REPLACEMENT AND RETURN PROCEDURE
All products to be returned for repair or replacement must be authorized by Weldon Technologies, Inc. prior to their return.
- To obtain a return authorization, call Weldon at 800.989.2718 and request a return good authorization (RGA) number. This RGA number must accompany each and every product returned to Weldon in order to receive credit, a replacement product or a repair.
- Include a brief description of the defect.
- Include your name, company, address and daytime phone number.
- Ship all packages to Weldon freight prepaid.
- All returned products should be shipped to:
Weldon Technologies, Inc.
RGA No. _______
3656 Paragon Drive
Columbus, OH 43228
CANCELLATIONS
If an order is cancelled within two weeks of shipment, a cancellation fee of 25% or $50.00, whichever is higher, will be assessed.
WELDON STANDARD TERMS AND CONDITIONS OF SALE
These Standard Terms and Conditions of Sale shall take precedence over any additional or conflicting provisions, terms, or conditions offered by Buyer or contained in any of Buyer’s order forms except for instructions related to quantity or shipping of the goods. Any reference to "Supplier" herein shall mean Weldon, a division of Akron Brass Company.
1. Payment Terms: Net-balance payable 30 days from date of billing, or as established by Supplier’s credit department. In the event shipments are less than whole lots, pro rata payments are due from Buyer as shipments are made, and if shipments are delayed by Buyer said pro rata payments are due on the date when the Supplier is ready to ship. Prices quoted do not include taxes.
2. Cancellations: Supplier will assess a 25% cancellation fee or $100.00 cancellation charge; whichever is greater, to any and all cancelled orders of Supplier’s standard goods that are canceled within thirty (30) days of the scheduled ship date. Custom or proprietary goods carry a 100% cancellation penalty if canceled within thirty (30) days of the scheduled ship date. Buyer’s cancellation notice to Supplier must be in the form of standard mail or facsimile to Supplier’s main office in Columbus, Ohio. Supplier will then confirm the cancellation and the cancellation fee due from Buyer.
3. Freight: The goods shall be delivered F.O.B. Supplier’s Columbus, Ohio plant. Title to the goods shall pass to the Buyer at the time Supplier delivers the goods to a common carrier for shipment in accordance with Buyer's instructions. In recognition of the fact that shipping dates are approximate, Supplier's liability shall not extend to any loss or expense incurred by Buyer due to Supplier’s production or other delays.

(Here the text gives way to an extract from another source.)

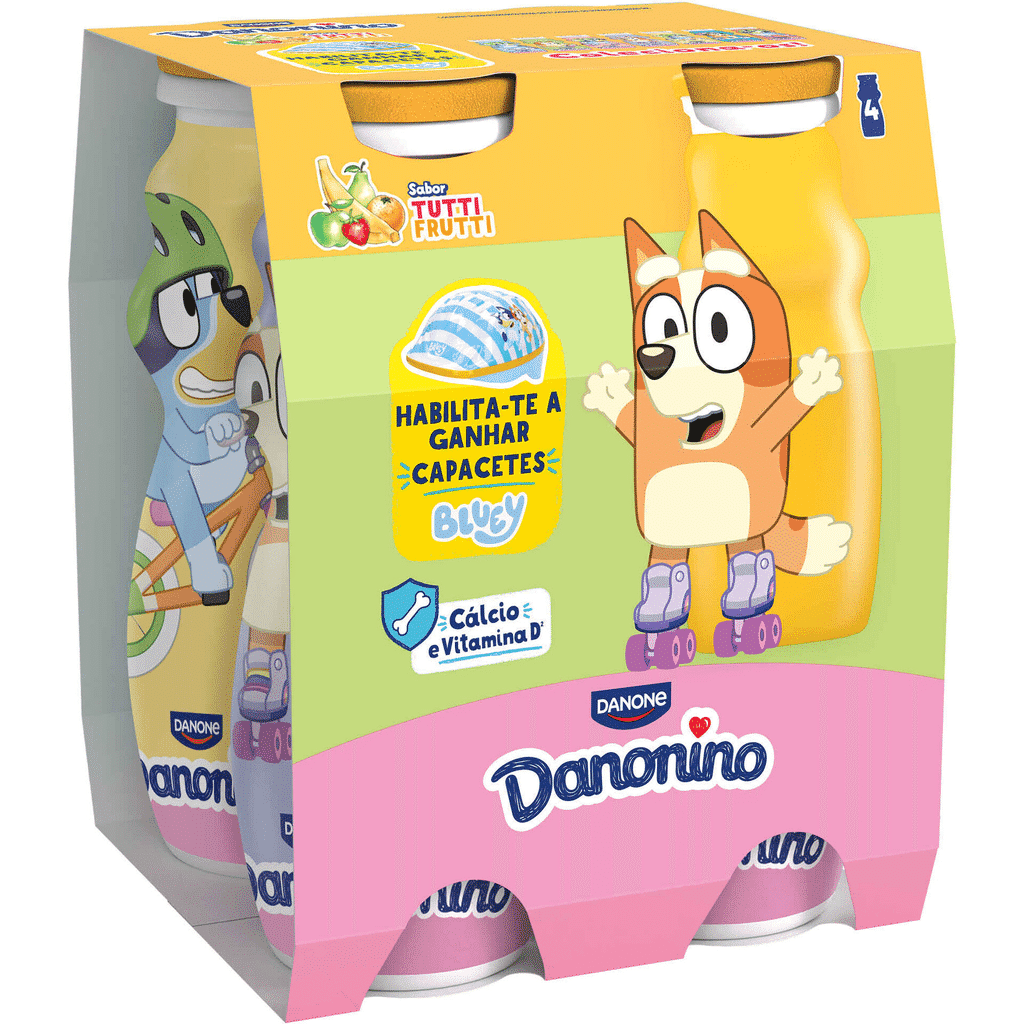 Iogurte Líquido Tutti Frutti Infantil - DANONINO DANONE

4. Returns: Supplier’s Customer Service Department must authorize all returns in advance, with a Returned Goods Authorization (RGA) number assigned. Goods must be returned freight prepaid. Goods returned without a RGA number will not be accepted by Supplier’s Receiving Department and will be shipped back to the original shipper at their expense. Non-warranty returns shall be assessed a 15% restocking fee; and goods may not be returned after one year from the original sale date.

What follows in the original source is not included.